Take Gabi and Luke. In the precinct, they're professional colleagues. But here in his neat little house in Highland Park, they're fuck buddies, no strings attached, which allows her to keep it compartmentalized away from Layla and the shredded remains of her personal life. It's exactly why cops end up sleeping with each other. Who has time to meet new people?

The first time was in the back of her car, late one night, after the whole department went out to celebrate a conviction in the Granston case. It was Joe Miranda's idea to go fowling—bowling with a football—hurling the ball down the lanes. They got pretty trashed, enough for management to ask them to keep it down. She gave him a ride home. They didn't quite make it that far.

Now it's sex on demand, their respective schedules allowing. It's stress relief. It doesn't mean anything. It could be worse. She could be an alcoholic or popping valium. But that would require her to talk to someone to be able to get a prescription. Luke doesn't expect her to talk. They very specifically don't. There are unspoken rules. They don't let it interfere with their work. They don't discuss where this is going.

She loves what he does to her, the way he makes her lose herself, the world tipping away, and she likes being able to do the same to him, the way his tight control unravels. Who's the perfect cop now? she thinks, as he comes, the force of it racking through his whole body.

“Don't look so pleased with yourself,” he says afterward, reaching for the Nicorette gum he keeps on his bedside table, along with the condoms. Not quite a postcoital cigarette.
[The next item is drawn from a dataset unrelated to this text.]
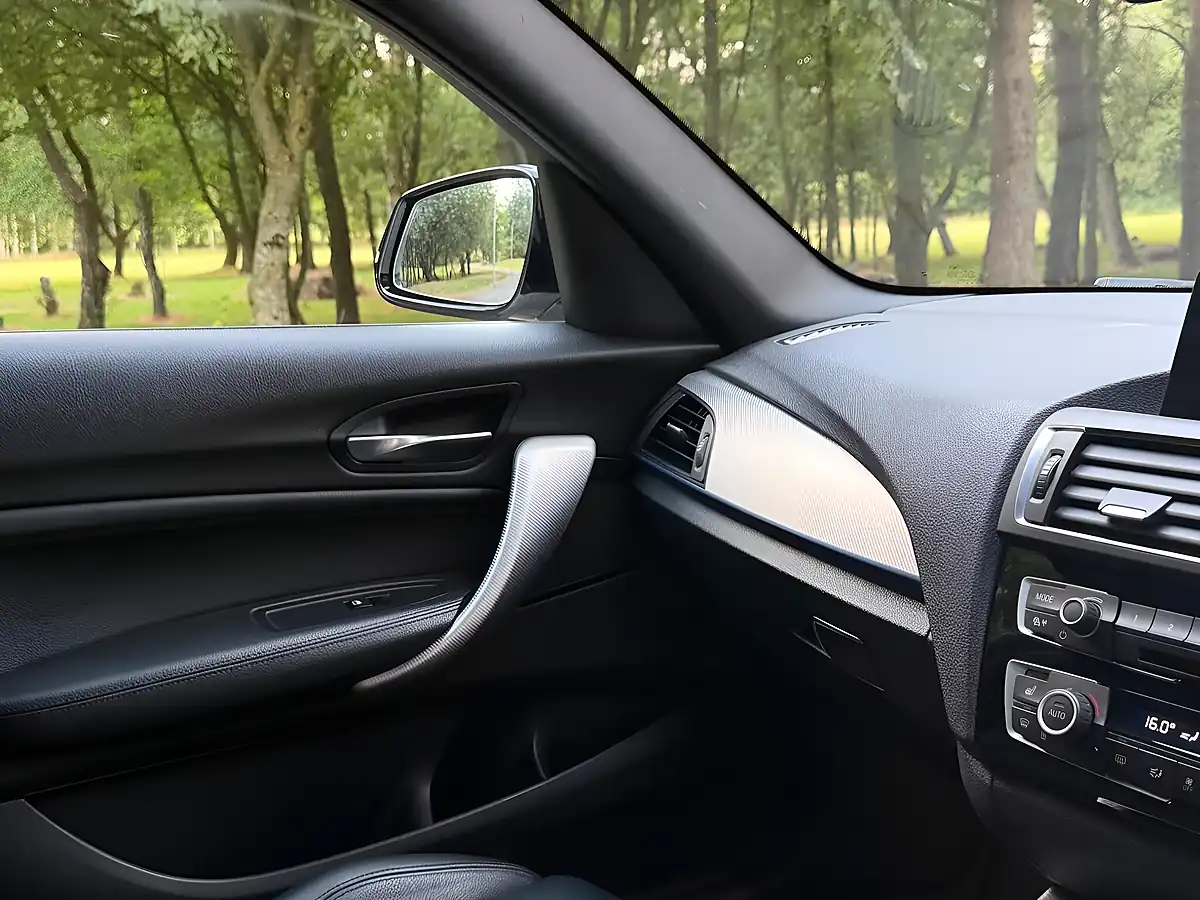 Used 2015 BMW 1 Series M Performance Alpine White - Interior and Exterior details 10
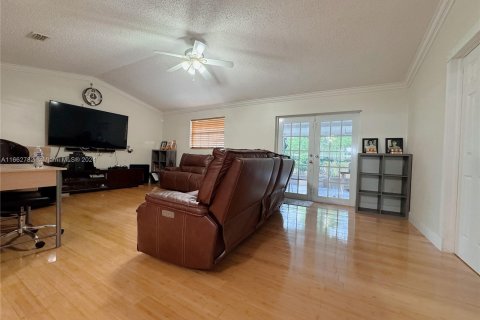 Villa ou maison à vendre à Pembroke Pines, Floride: 4 chambres, 174.1 m2 № 1372794 - photo 8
“Can't take pride in my work?” Her phone rings and she rolls over to look at the screen. William Stirling. She groans.

“You need to get that? I can go into the kitchen.”

“It's my ex,” Gabi says, hitting reject call. “He wants Layla to come to them for Christmas, seeing I get Thanksgiving, and I don't want to talk about it right now.” She doesn't say the obvious, that she doesn't want to be alone over the holidays—any of them.

“You'll still have to deal with it later.”

“Yes, but I can fortify myself with a drink later. How about you? Do you get on with your ex-girlfriends?”

“We having a personal conversation now? Because that's okay if we are.”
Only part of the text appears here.